* _INFORMATION SUPPLIED_
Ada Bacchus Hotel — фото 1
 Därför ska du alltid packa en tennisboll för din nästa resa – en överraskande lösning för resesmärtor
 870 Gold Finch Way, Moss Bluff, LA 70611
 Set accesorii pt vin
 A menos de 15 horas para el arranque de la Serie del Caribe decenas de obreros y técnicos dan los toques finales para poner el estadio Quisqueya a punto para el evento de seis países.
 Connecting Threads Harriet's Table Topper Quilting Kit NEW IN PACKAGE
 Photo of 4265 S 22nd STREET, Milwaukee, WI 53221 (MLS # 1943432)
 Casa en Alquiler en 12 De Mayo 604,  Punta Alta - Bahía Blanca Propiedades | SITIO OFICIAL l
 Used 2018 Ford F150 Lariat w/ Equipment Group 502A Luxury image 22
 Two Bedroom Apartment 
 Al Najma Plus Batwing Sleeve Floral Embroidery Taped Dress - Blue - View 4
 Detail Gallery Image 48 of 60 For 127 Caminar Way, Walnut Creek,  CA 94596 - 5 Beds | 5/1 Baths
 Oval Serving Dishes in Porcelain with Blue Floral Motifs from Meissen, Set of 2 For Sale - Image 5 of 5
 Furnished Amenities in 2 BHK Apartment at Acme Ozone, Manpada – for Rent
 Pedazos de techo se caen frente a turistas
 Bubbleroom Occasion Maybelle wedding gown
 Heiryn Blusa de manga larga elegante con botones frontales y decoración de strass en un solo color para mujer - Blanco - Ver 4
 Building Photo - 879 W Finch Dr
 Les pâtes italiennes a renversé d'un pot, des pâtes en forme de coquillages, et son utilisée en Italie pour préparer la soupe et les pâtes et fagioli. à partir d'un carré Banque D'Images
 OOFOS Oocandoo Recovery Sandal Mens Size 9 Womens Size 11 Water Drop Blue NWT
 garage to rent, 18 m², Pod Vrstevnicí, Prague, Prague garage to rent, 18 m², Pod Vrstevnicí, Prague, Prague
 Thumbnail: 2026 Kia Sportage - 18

* _PROBLEM STATEMENT_
Your answer must consist of every line in the listing that contains "Blue".

* _SOLVED EXERCISE_
 Al Najma Plus Batwing Sleeve Floral Embroidery Taped Dress - Blue - View 4
 Oval Serving Dishes in Porcelain with Blue Floral Motifs from Meissen, Set of 2 For Sale - Image 5 of 5
 OOFOS Oocandoo Recovery Sandal Mens Size 9 Womens Size 11 Water Drop Blue NWT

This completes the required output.